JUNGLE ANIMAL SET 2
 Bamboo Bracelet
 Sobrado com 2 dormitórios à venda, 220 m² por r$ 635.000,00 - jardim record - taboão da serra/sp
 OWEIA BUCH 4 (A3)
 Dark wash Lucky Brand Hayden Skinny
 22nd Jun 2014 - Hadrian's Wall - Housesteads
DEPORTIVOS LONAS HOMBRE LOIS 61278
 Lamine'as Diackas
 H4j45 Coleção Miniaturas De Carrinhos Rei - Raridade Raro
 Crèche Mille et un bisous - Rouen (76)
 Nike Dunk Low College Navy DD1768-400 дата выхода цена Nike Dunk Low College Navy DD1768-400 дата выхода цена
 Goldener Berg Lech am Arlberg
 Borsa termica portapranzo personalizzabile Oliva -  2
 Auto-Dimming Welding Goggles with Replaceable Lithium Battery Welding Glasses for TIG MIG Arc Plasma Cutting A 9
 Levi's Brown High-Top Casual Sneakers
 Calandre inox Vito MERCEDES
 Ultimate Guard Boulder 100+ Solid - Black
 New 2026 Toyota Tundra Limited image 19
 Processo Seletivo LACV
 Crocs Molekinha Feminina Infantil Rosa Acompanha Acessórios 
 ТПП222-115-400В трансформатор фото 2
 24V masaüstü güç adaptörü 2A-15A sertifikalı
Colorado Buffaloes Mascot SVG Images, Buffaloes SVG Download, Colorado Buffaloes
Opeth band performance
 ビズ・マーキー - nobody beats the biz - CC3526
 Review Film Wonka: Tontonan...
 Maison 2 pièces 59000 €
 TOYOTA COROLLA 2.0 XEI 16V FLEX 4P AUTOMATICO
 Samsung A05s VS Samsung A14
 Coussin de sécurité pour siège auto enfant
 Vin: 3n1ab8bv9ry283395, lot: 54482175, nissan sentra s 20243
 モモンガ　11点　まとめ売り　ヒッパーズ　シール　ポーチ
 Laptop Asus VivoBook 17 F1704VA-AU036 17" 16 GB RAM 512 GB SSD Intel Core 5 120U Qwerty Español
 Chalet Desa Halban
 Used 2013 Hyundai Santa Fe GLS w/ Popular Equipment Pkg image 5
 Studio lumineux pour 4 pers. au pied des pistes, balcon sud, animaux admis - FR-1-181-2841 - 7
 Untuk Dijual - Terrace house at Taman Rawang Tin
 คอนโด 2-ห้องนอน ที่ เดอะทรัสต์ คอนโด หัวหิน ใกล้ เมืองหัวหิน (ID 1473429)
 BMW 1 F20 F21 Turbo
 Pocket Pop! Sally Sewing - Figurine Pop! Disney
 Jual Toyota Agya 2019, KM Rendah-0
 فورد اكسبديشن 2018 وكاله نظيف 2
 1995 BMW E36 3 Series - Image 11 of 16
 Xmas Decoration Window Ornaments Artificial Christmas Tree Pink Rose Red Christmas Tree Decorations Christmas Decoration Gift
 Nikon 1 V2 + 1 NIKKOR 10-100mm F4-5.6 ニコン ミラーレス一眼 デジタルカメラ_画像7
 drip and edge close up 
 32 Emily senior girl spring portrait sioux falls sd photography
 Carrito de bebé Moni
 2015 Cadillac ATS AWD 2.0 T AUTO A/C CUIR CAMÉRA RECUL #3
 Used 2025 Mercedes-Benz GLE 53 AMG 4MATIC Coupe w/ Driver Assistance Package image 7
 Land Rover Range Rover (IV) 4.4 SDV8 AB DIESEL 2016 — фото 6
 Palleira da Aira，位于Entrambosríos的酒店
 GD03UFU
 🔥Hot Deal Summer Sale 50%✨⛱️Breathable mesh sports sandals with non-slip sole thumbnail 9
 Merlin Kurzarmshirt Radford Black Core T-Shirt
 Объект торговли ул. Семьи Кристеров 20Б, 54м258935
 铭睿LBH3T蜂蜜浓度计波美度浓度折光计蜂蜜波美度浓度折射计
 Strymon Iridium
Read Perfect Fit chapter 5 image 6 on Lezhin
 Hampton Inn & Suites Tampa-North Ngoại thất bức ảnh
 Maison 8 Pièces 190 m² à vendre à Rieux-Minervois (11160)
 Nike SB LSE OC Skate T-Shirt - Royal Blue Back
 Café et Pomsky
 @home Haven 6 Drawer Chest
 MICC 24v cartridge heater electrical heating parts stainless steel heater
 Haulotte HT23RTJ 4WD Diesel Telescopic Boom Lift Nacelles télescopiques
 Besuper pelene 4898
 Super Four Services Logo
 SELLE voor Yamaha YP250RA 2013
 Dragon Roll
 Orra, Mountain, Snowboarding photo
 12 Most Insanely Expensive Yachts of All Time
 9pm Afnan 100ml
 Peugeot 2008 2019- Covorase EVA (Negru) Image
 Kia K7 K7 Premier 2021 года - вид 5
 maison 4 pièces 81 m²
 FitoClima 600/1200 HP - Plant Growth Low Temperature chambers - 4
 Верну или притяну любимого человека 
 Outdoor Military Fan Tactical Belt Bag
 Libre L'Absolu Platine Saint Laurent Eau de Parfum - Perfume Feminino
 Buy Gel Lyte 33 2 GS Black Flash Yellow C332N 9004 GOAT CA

──────

## Prompt
Every line from the one that contains "Peugeot 2008 2019- Covorase" down to and including the last line of the records above must be set down exactly, with nothing else.

## Output
 Peugeot 2008 2019- Covorase EVA (Negru) Image
 Kia K7 K7 Premier 2021 года - вид 5
 maison 4 pièces 81 m²
 FitoClima 600/1200 HP - Plant Growth Low Temperature chambers - 4
 Верну или притяну любимого человека 
 Outdoor Military Fan Tactical Belt Bag
 Libre L'Absolu Platine Saint Laurent Eau de Parfum - Perfume Feminino
 Buy Gel Lyte 33 2 GS Black Flash Yellow C332N 9004 GOAT CA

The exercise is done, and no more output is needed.